Everything from the line that holds "Ciekłe Tło Barwnika" through the end of the listing below must be retyped word for word, without any pictures.

Input data
---
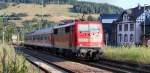 111 226-7 schiebt am Morgen des 23.07.2013 RB 59342 von Lichtenfels nach Saalfeld (Saale) und verlsst gerade Probstzella. 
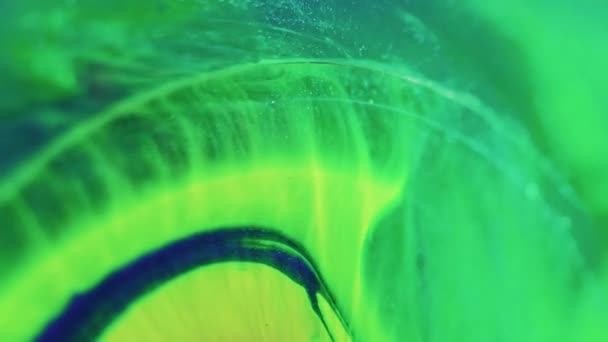 Ciekłe Tło Barwnika Błyszczące Wiry Kolor Mieszanki Olejków Neon Zielony — Wideo stockowe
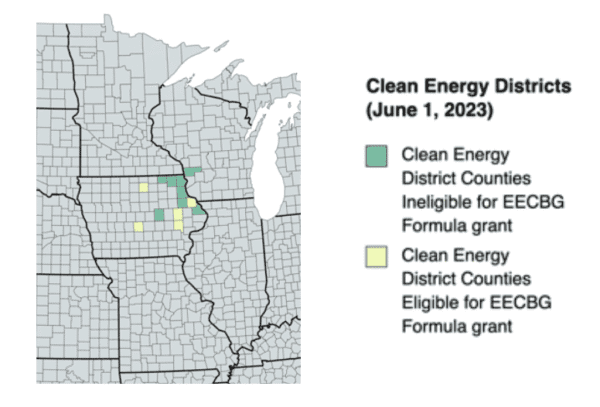 Map showing select counties in the Midwest marked as Clean Energy Districts, with some eligible and others ineligible for EECBG Formula grants as of June 1, 2023.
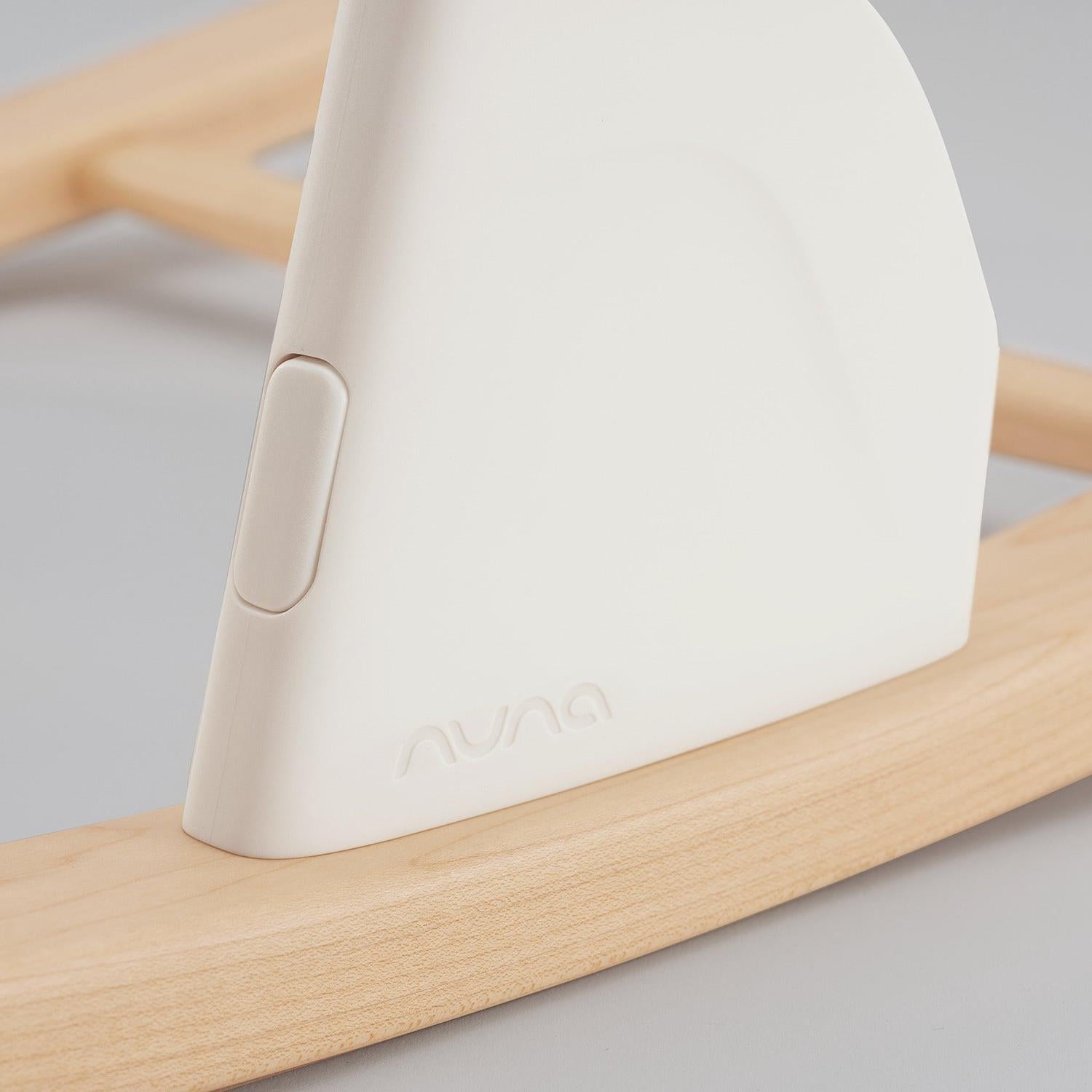 Nuna Baby Bouncers Nuna BRYN Newborn Rocker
---
Task output
 Ciekłe Tło Barwnika Błyszczące Wiry Kolor Mieszanki Olejków Neon Zielony — Wideo stockowe
 Map showing select counties in the Midwest marked as Clean Energy Districts, with some eligible and others ineligible for EECBG Formula grants as of June 1, 2023.
 Nuna Baby Bouncers Nuna BRYN Newborn Rocker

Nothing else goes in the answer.